I dati raccolti dal Corriere provenienti in via ufficiale dai vari ospedali non si discostano dalle percentuali degli anni precedenti. Nei primi sei mesi del 2018 la percentuale di accessi impropri al Ps è del 93% (su 292.120 visite). Lo stesso vale se prendiamo tutto l’anno scorso: i codici bianchi e verdi sono il 92,6% su 555.991 pazienti. In sintesi: il problema è cronico e finora nessuno è riuscito a dare ai pazienti un’alternativa convincente sul territorio.

Appare evidente come il Pronto soccorso sia uno specchio dei problemi che attanagliano la sanità italiana: medici di famiglia che, nonostante gli sforzi, spesso non riescono a rispondere alle nuove esigenze della popolazione; malati cronici in aumento che, se non ben seguiti sul territorio, si riversano nei Ps; liste d’attesa troppo lunghe. In questo contesto una visita al Pronto soccorso è la soluzione più semplice, anche se non è corretta.

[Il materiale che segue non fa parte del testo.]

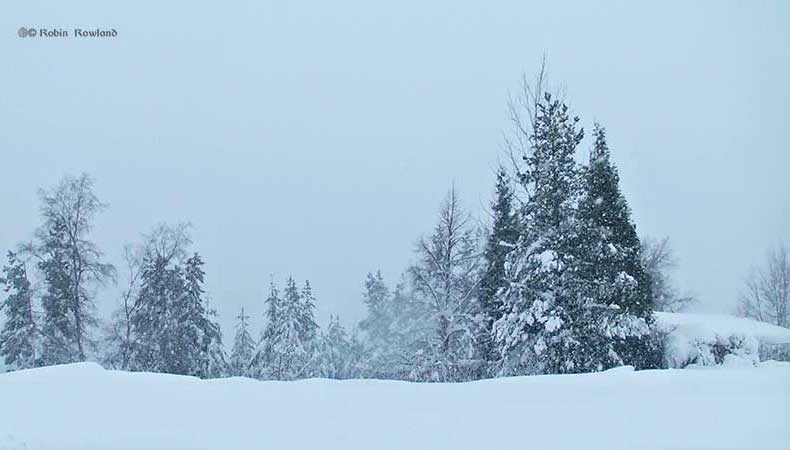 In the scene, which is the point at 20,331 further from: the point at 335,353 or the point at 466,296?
the point at 335,353

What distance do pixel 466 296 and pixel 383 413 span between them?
1803cm

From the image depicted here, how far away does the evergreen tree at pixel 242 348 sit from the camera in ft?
153

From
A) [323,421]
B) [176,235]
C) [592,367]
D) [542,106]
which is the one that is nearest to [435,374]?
[592,367]

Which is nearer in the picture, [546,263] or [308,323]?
[546,263]

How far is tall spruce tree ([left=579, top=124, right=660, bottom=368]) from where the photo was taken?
17688mm

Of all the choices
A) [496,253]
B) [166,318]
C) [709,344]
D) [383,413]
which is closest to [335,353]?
[166,318]

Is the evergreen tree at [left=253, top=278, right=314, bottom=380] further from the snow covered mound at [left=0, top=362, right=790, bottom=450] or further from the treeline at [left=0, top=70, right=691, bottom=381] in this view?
the snow covered mound at [left=0, top=362, right=790, bottom=450]

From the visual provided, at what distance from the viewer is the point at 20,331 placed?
29.0 metres

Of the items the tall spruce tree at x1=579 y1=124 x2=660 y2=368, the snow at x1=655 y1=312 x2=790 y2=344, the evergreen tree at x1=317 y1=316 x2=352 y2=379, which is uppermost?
the tall spruce tree at x1=579 y1=124 x2=660 y2=368

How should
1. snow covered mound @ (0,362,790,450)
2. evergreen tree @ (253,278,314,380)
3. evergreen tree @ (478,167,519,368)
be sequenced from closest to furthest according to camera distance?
snow covered mound @ (0,362,790,450), evergreen tree @ (478,167,519,368), evergreen tree @ (253,278,314,380)

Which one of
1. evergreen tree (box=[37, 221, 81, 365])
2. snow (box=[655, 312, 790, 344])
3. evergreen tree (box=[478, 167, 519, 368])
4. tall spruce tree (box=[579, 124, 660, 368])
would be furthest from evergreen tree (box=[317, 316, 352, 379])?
tall spruce tree (box=[579, 124, 660, 368])

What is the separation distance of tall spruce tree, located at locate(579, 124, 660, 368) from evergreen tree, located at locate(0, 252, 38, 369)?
23914 millimetres

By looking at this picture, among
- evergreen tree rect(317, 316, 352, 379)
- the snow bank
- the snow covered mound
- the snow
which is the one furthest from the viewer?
evergreen tree rect(317, 316, 352, 379)

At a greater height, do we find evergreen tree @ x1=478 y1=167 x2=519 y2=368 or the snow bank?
evergreen tree @ x1=478 y1=167 x2=519 y2=368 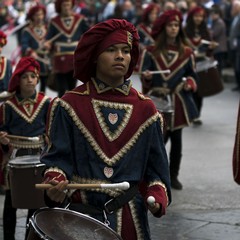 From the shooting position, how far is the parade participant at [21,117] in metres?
7.35

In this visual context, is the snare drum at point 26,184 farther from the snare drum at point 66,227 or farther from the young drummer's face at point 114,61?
the snare drum at point 66,227

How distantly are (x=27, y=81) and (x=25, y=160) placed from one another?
88 centimetres

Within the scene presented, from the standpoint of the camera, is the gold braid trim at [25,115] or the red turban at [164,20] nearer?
Answer: the gold braid trim at [25,115]

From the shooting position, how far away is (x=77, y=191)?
4.80 metres

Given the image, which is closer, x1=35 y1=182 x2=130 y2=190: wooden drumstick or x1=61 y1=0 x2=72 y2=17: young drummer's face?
x1=35 y1=182 x2=130 y2=190: wooden drumstick

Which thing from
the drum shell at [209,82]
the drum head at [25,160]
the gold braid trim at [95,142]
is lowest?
the drum shell at [209,82]

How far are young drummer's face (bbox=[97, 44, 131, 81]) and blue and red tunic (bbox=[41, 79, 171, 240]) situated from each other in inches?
3.7

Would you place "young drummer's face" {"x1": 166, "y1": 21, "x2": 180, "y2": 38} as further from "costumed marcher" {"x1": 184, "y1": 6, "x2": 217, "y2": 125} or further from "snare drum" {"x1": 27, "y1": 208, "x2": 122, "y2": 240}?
"snare drum" {"x1": 27, "y1": 208, "x2": 122, "y2": 240}

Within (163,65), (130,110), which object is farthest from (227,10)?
(130,110)

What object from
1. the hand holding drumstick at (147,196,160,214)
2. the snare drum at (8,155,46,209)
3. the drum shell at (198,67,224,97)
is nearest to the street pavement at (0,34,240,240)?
the drum shell at (198,67,224,97)

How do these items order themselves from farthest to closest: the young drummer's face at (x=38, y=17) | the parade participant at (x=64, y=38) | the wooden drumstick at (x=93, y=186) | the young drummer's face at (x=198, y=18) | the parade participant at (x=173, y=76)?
the young drummer's face at (x=38, y=17), the young drummer's face at (x=198, y=18), the parade participant at (x=64, y=38), the parade participant at (x=173, y=76), the wooden drumstick at (x=93, y=186)

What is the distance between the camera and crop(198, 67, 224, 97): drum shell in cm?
1294

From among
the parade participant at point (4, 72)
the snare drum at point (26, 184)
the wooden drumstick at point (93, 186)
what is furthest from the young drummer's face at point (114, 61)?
the parade participant at point (4, 72)

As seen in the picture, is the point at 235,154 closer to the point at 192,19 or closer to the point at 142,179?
the point at 142,179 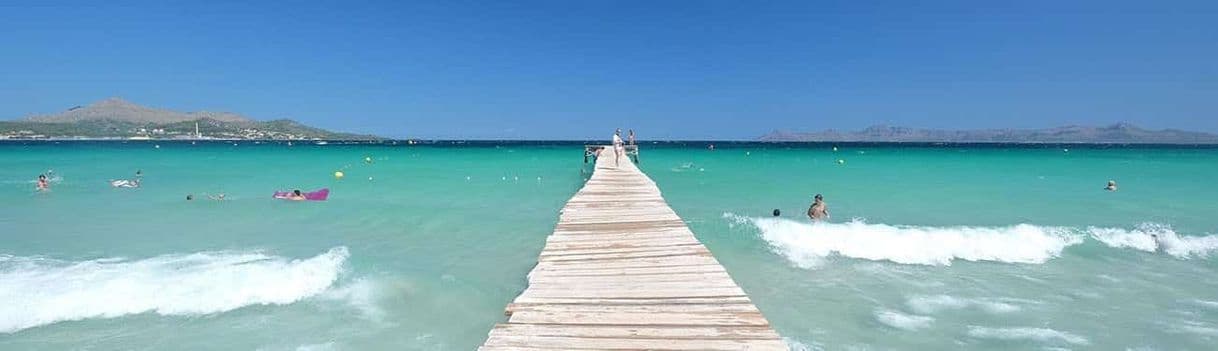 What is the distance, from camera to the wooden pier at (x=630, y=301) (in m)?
4.66

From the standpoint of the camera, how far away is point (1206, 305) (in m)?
8.16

L’assessorato alla Sanità guidato da Giulio Gallera prova a correre ai ripari con l’ultima delibera del 31 luglio che prevede la nascita di ambulatori ben identificabili sul territorio per offrire prestazioni sanitarie e sociosanitarie per pazienti non acuti: il termine con cui vengono definiti è presidi sociosanitari territoriali (Presst). Da definire nei prossimi mesi cosa realmente offriranno e che fasce orarie copriranno. Inoltre le cooperative dei medici di famiglia potranno, per i 220 mila malati cronici che hanno aderito alla riforma della presa in carico (dati allo scorso maggio), offrire una serie di esami diagnostici di bassa intensità come elettrocardiogrammi, ecografie all’addome e controllo del colesterolo (delibera del 24 aprile che dovrà essere resa operativa da una circolare attuativa). «Il rafforzamento dei servizi territoriali si pone l’obiettivo di fornire a chi non si trovi in condizioni di codice rosso o giallo una rete socio-sanitaria di sicurezza basata su una stretta alleanza fra ospedale e territorio — assicura Gallera —.

In un quadro di azioni per la presa in carico del paziente». Attacca Carlo Borghetti, vicepresidente pd del Consiglio regionale: «A distanza di 4 anni dalla riforma sanitaria di Maroni, che prevedeva una capillare rete di strutture per cure non urgenti, poco o nulla è stato fatto. Invece altre regioni già da tempo hanno capito le nuove esigenze: sono centinaia in Emilia e in Piemonte gli ambulatori aperti tutto il giorno e spesso anche la notte, con medici di famiglia, pediatri, specialisti e infermieri a disposizione. E il risultato è che lì nei Pronto soccorso gli accessi sono calati fino al 60%. Non si può più attendere, la Regione non può più finanziare solo nuovi grossi ospedali ma deve cambiare rotta e garantire i servizi sanitari e sociosanitari più adeguati così da evitare l’utilizzo di massa del Pronto soccorso che crea disagi in primis anche ai cittadini che attendono ore».